Mais recentemente, o recém-falecido sociólogo Zygmunt Bauman expandiu o conceito, falando especificamente de amores líquidos e como as nossas relações são efêmeras, como os laços são superficiais. E eu, do alto de meu não-diploma de sociologia, da minha completa falta de academicismo no assunto, me permito discordar um tanto. Pode ser que como sociedade a gente caminhe pra isso, mas como indivíduo, dá pra não ser, se a gente quiser.

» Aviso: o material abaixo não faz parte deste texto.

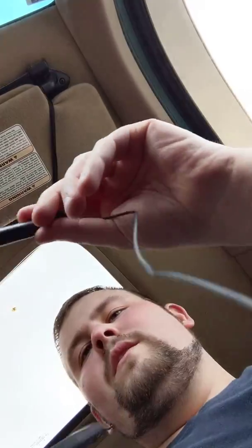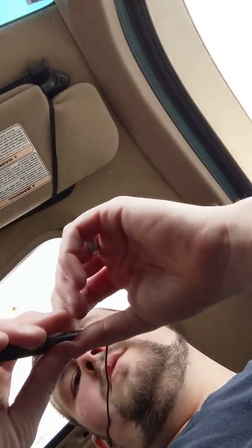I gotta remember to turn them off. I need to be able to listen to it to turn it off because it speaks to you — it talks to you when you turn it off. There we go. Power off. I love these so much.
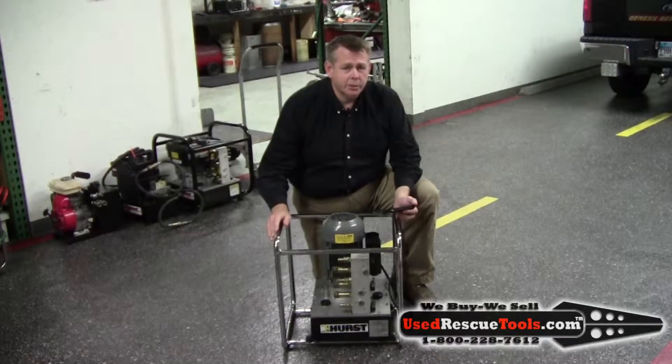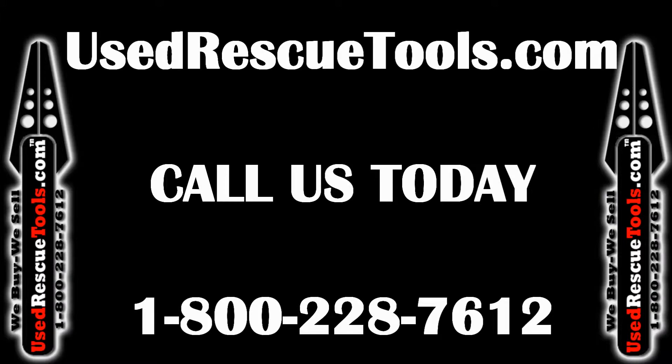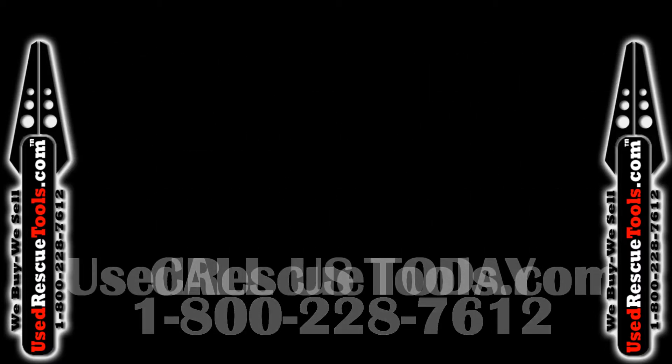Give us a call at 800-228-7612 and I'll make a good deal on this part. We'll see you next time.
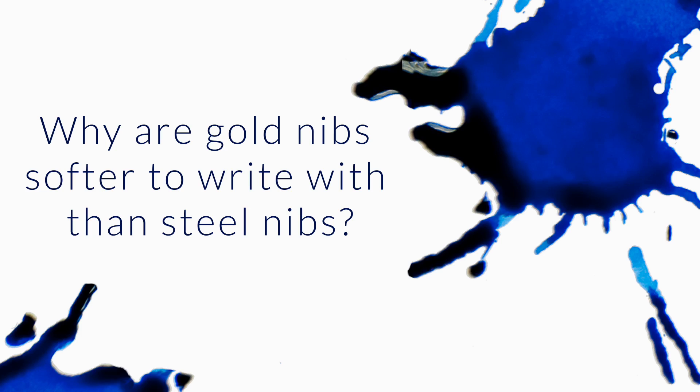Why are gold nibs softer to write with than steel nibs if in the final steps of making any type of nib a small ball of iridium is added to the tip? In the end, doesn't it all come down to how well that iridium tip is polished?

É possível construir laços – a liquidez deles está mais no formato do que na não-permanência. Por exemplo: o casamento tradicional tinha uma cara: um homem, uma mulher, filhos, até que a morte os separe. Em caso de divórcio, era cada um pra um lado e brigas eternas sobre guarda de filhos e pensão. Hoje vejo pessoas que se separam e conseguem se manter amigos ou sócios em um negócio. Entendem que a relação acabou, mas que permanece algum tipo de amor ali, que não é o amor romântico da paixão, mas um laço profundo, que liga essas pessoas de alguma maneira. Claro que se o relacionamento acaba com traição, ofensa, é difícil que continue a amizade, mas se ele apenas acabou, por que não?
Por que a gente fala que o relacionamento deu errado, quando ele termina? E se ele existiu durante um período, e se transformou?
Pode ter dado certo durante um tempo, e apenas acabou (ou mudou). A liquidez é a transformação do amor, e não a superficialidade de pegações de tinder que alguns insistem em manter. Conheço muita gente que prefere nunca se ligar a ninguém, que nunca se coloca em posição vulnerável, que tenta controlar tudo que vive e sente. Que triste controlar tudo. Que triste achar que tudo está sob seu poder e controle, e ver os sentimentos ficando cada vez mais longe.
Amar é estar vulnerável, não é? É permitir que a outra pessoa se aproxime, permitir que você chegue perto do outro. Deixar que o outro veja suas falhas e enxergar as da outra pessoa. E amar, com as falhas e tudo.
E quando termina, se termina, entender que mudou, que passou – e que o amor pode continuar, de outro jeito, que não envolve romance, paixão, e sim um respeito pelo outro – amar é respeitar. É fazer o que foi combinado, não magoar o outro e não magoar a si mesmo. Falar a verdade, ouvir o que o outro tem a dizer, deixar o coração se encher, se partir e encher de novo.
C.S. Lewis, um autor que amo, escreveu o seguinte:
“Amar é estar vulnerável. Ame qualquer coisa e seu coração será esmagado, e possivelmente quebrado. Se você quer ter certeza que ele fique intacto, não o entregue a ninguém – nem mesmo a um animal de estimação. Embrulhe-o cuidadosamente com passatempos e luxos; evite todos os envolvimentos. Tranque-o a salvo no baú de seu egoísmo. Mas nesse caixão, a salvo, no escuro, imóvel, sem ar, seu coração vai mudar. Não estará quebrado: se tornará inquebrável, impenetrável, sem esperanças, irrecuperável. Amar é estar vulnerável”.
Vamos amar e deixar nossos corações respirarem.